Provided entries »

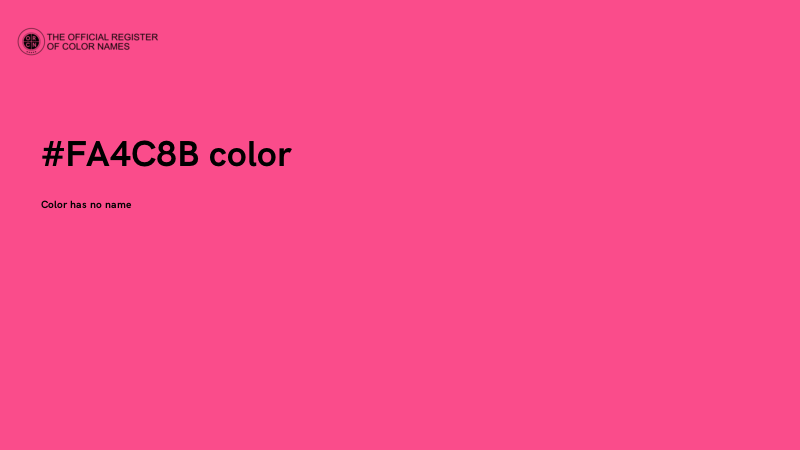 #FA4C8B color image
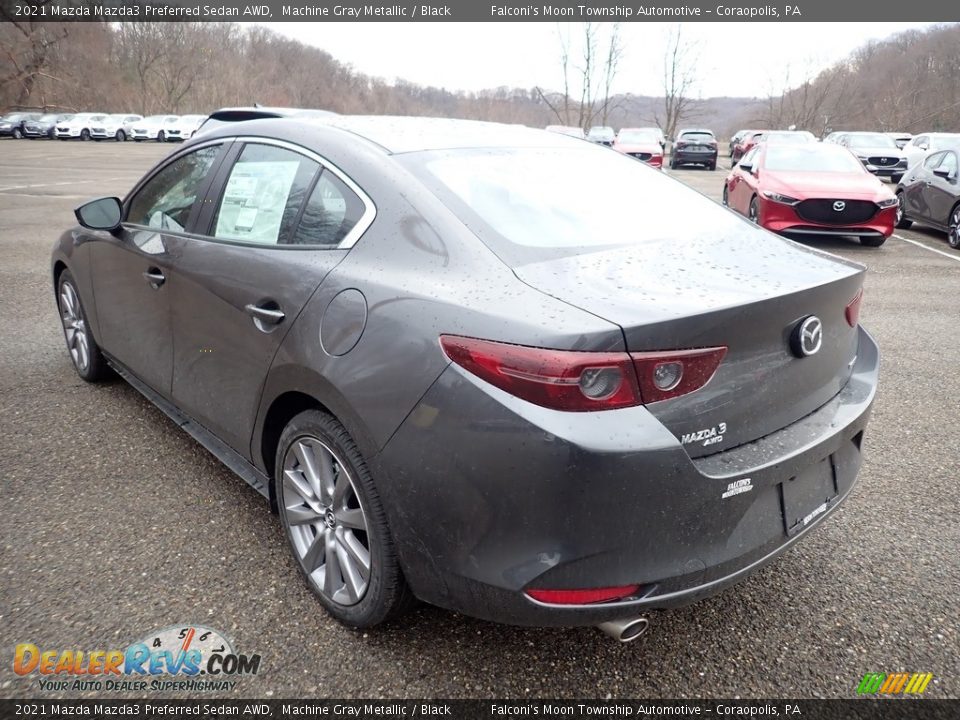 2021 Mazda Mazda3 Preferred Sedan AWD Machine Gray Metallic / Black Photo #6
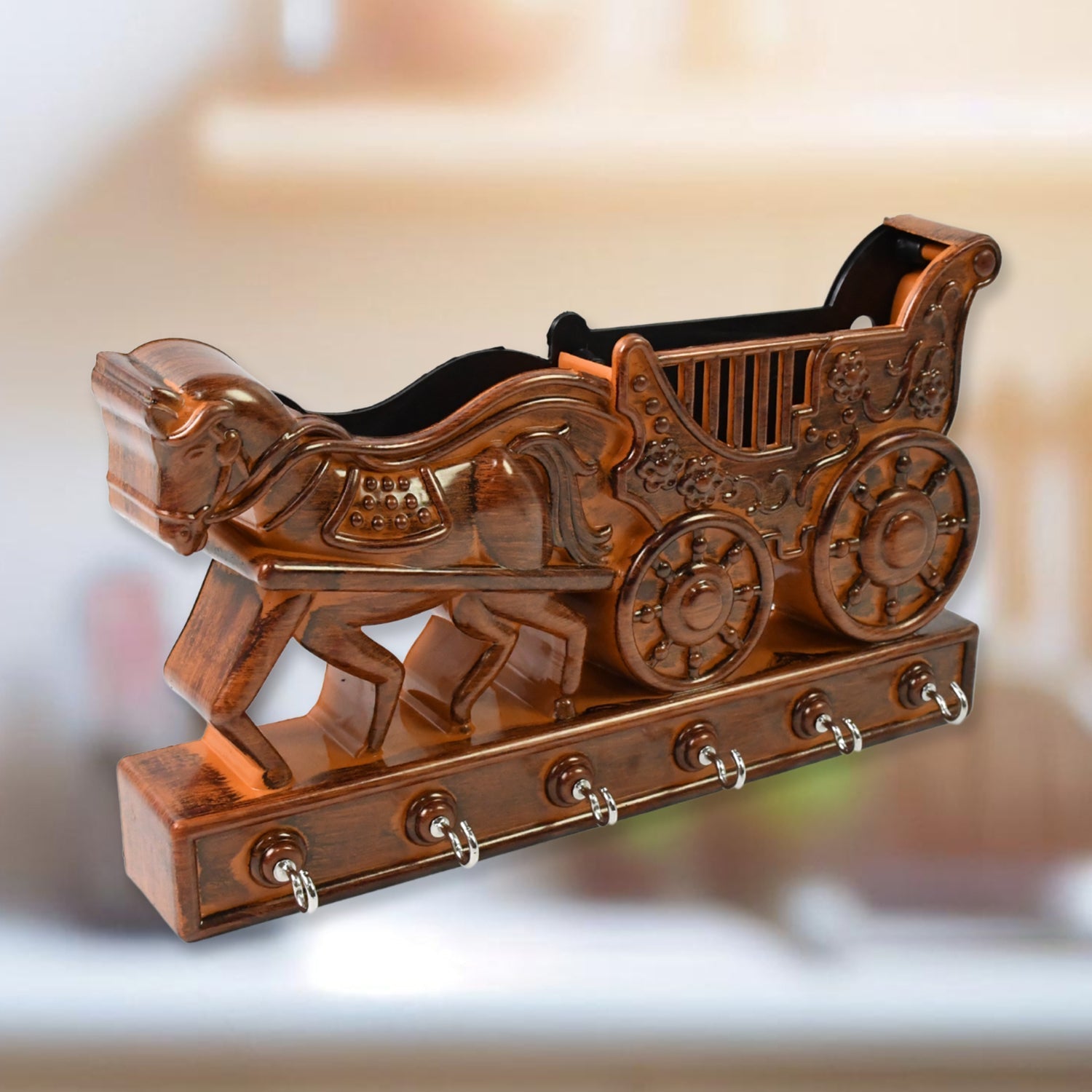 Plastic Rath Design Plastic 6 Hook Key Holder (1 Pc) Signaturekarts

---

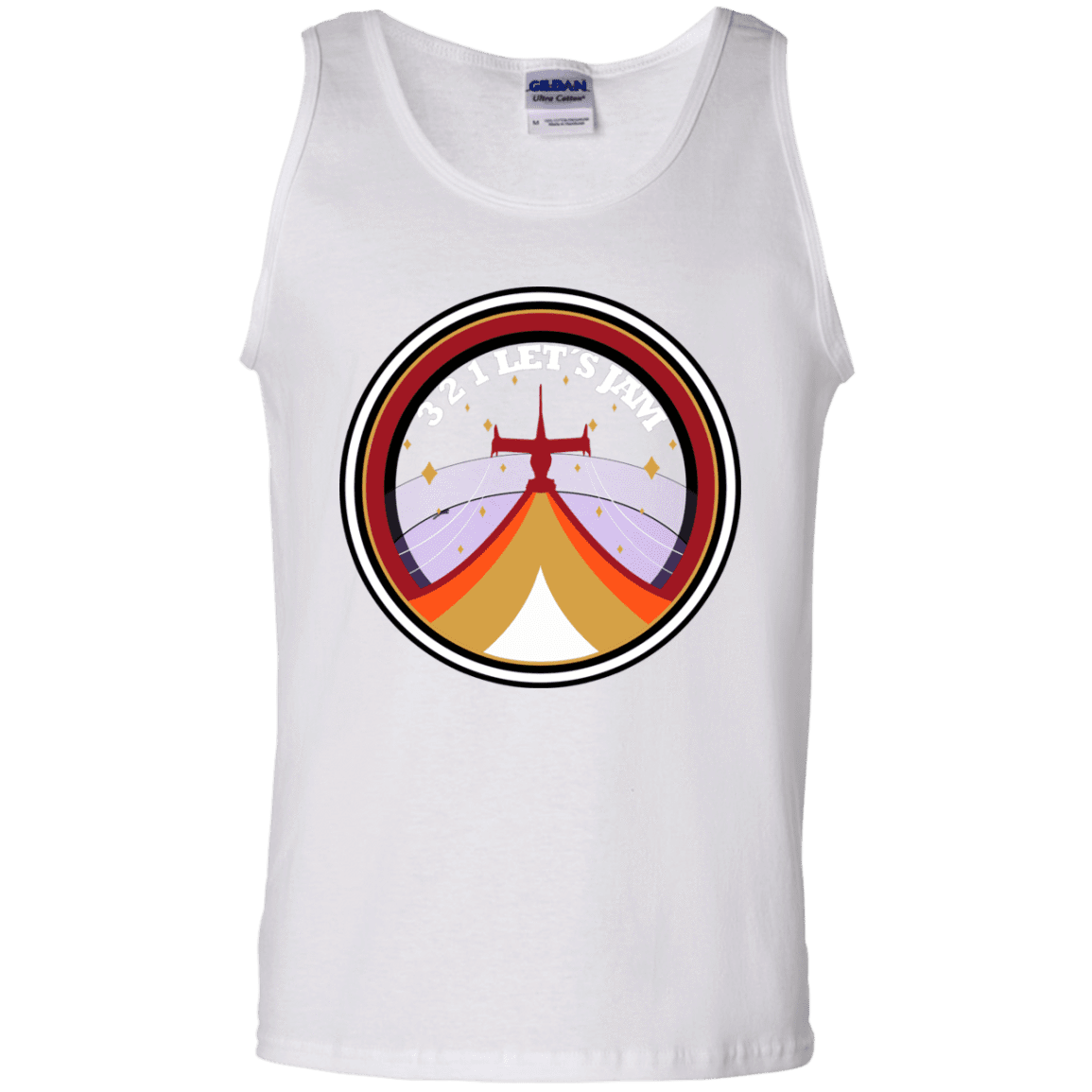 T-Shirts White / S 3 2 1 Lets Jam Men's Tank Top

* * *

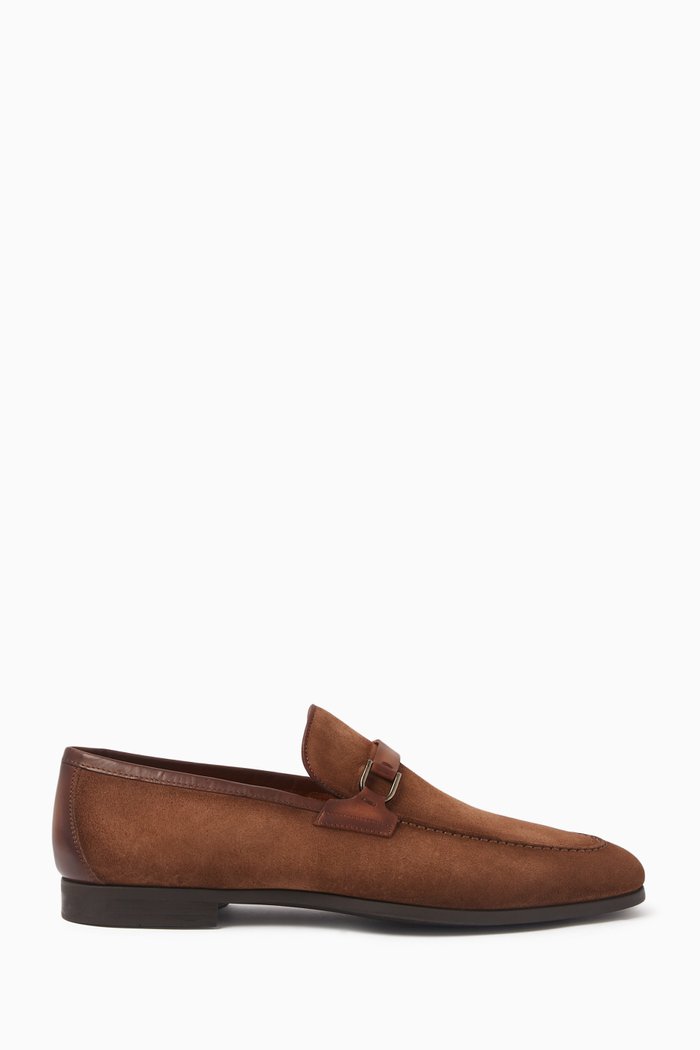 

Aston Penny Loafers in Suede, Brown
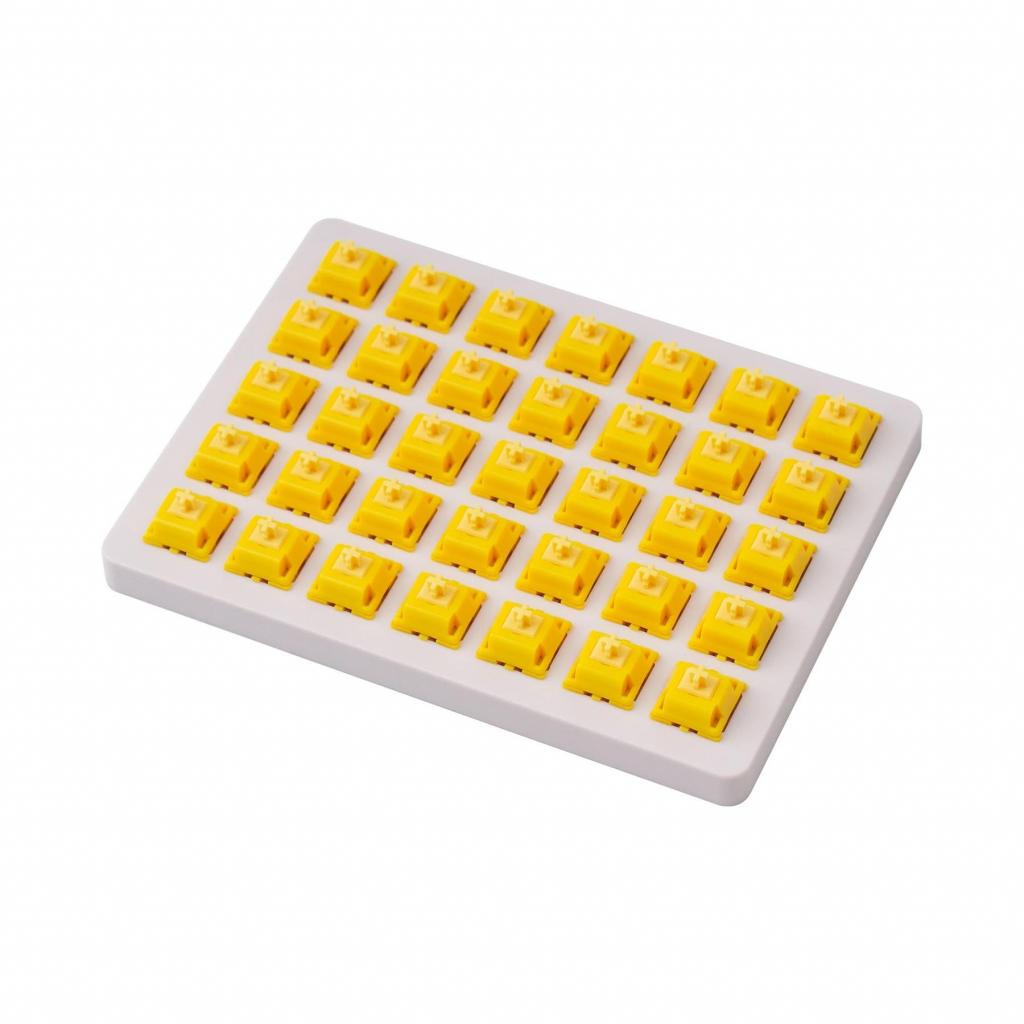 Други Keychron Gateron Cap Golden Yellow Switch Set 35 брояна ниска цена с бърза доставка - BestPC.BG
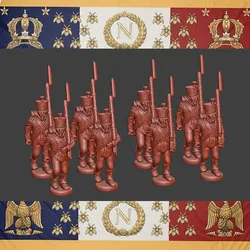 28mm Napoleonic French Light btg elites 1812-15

What needs to be done »
With the pictures omitted, copy exactly the lines of the listing above starting at the line containing "Aston Penny Loafers in Suede, Brown" and ending at the line containing "28mm Napoleonic French", both included.

Problem solution »
Aston Penny Loafers in Suede, Brown
 Други Keychron Gateron Cap Golden Yellow Switch Set 35 брояна ниска цена с бърза доставка - BestPC.BG
 28mm Napoleonic French Light btg elites 1812-15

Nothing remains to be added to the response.